The carbon-CuO US mixture obtained after performing the pyrolysis (Figure 10g–i), shows some Cu species agglomerates on the surface of the char (f). At 20,000× (h) there is a homogeneous dispersion of Cu species on the char. It should be noted that there was a change from monolithic faceted morphology to quasispherical particles and a size reduction in CuO ((e), 20,000×) when reduced to Cu₂O and Cu ((h), 20,000×). The micrograph (i), which has the same magnification but is using a backscattered electron detector, corroborates that the dispersed and agglomerated material corresponds to the Cu species.

4. Conclusions

CuO was synthesized free of crystalline impurities using ultrasound, microwave, or combined mode (microwave-ultrasound).

The crystallinity of the CuO is modified during the transformation of Cu_xO_yH_z to CuO due to the different treatments, the lattice parameters do not change. The CuO MW sample has the smallest crystal size, 3.3 times smaller than the one obtained with conduction heating (CuO CH). The combined treatment presents an intermediate crystal size between the one obtained with microwaves or ultrasound.

The treatment modified the textural characteristics (specific surface area, diameter, and pore volume) in the CuO during the synthesis.

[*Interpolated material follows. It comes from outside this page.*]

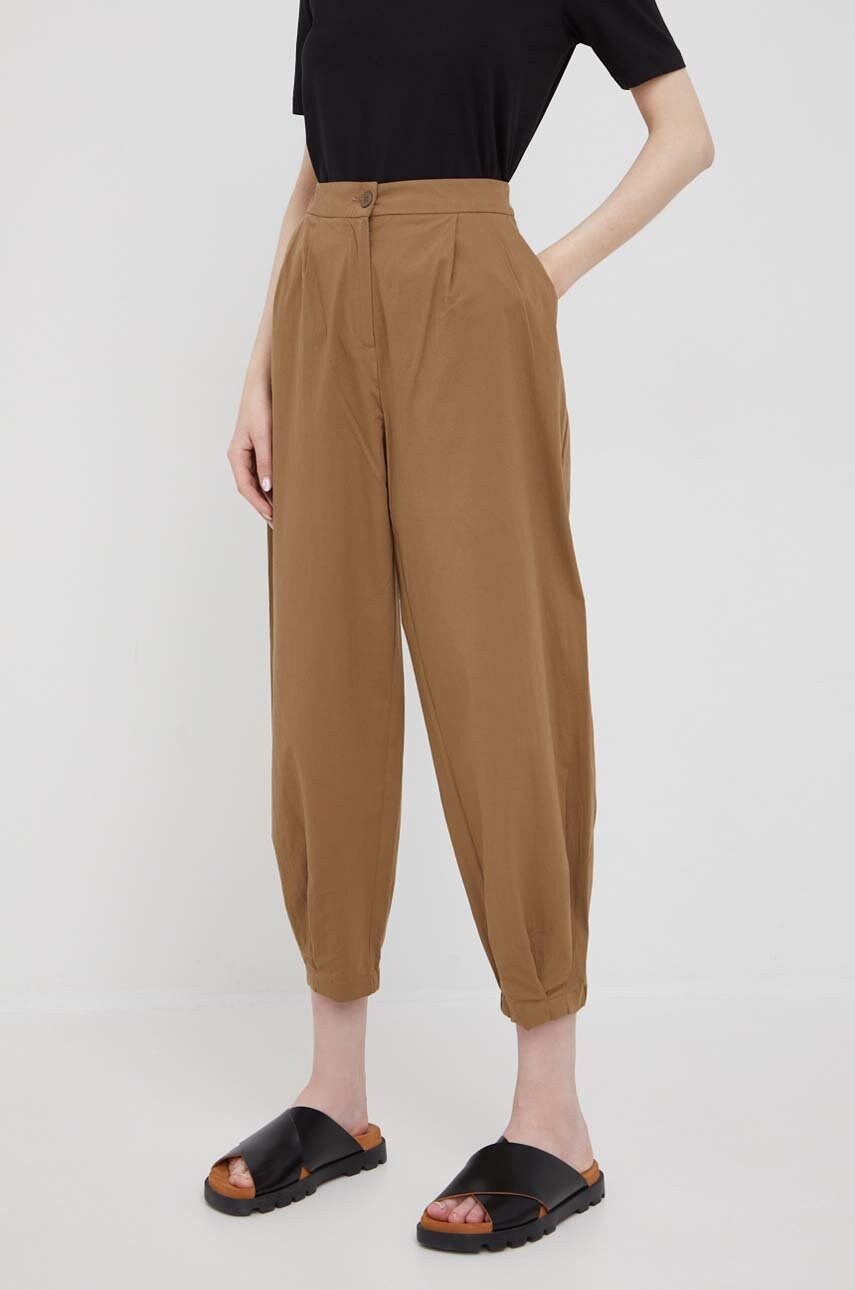 Sisley pantaloni femei, culoarea verde, lat, high waist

The ultrasound irradiation promotes larger pore diameter in comparison with microwave and combined treatments.

The reaction time is reduced during the synthesis of materials and reactions such as pyrolysis using microwave and ultrasound irradiation, the time could be reduced from hours to minutes.

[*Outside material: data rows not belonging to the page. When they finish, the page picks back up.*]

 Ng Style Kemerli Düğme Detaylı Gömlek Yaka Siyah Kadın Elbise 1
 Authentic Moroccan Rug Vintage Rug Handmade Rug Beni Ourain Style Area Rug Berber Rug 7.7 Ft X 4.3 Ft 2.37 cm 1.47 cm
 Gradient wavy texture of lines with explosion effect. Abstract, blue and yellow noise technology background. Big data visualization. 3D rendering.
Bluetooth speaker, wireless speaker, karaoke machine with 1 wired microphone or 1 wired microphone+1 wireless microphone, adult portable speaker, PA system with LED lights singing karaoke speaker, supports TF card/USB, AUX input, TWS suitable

The texture and morphology depend on the irradiation method during the nucleation stage for the synthesized materials. The synthesis method when obtaining CuO modifies the morphology due to the topotactic effect, resulting in irregular faceted monoliths using ultrasound and nanoleaves in the case of microwaves.

The best conditions to obtain bio-oil (14.5%) by the pyrolysis of sugarcane bagasse using a multimodal microwave reactor and CuO as a microwave absorber were: a power of 1160 Watts, 4 min of irradiation time, CuO US as an absorber and ps < 0.5 mm of the biomass.

Using CuO as a microwave absorber, the amount of the obtained liquid fraction is 2.7 times larger than the pyrolysis without absorber.

During the pyrolysis of cane bagasse using CuO as a microwave absorber, 87% of the CuO is reduced to Cu₂O and Cu after 4 min of irradiation, slowing the reaction progress because CuO is a better microwave absorber than Cu₂O and Cu.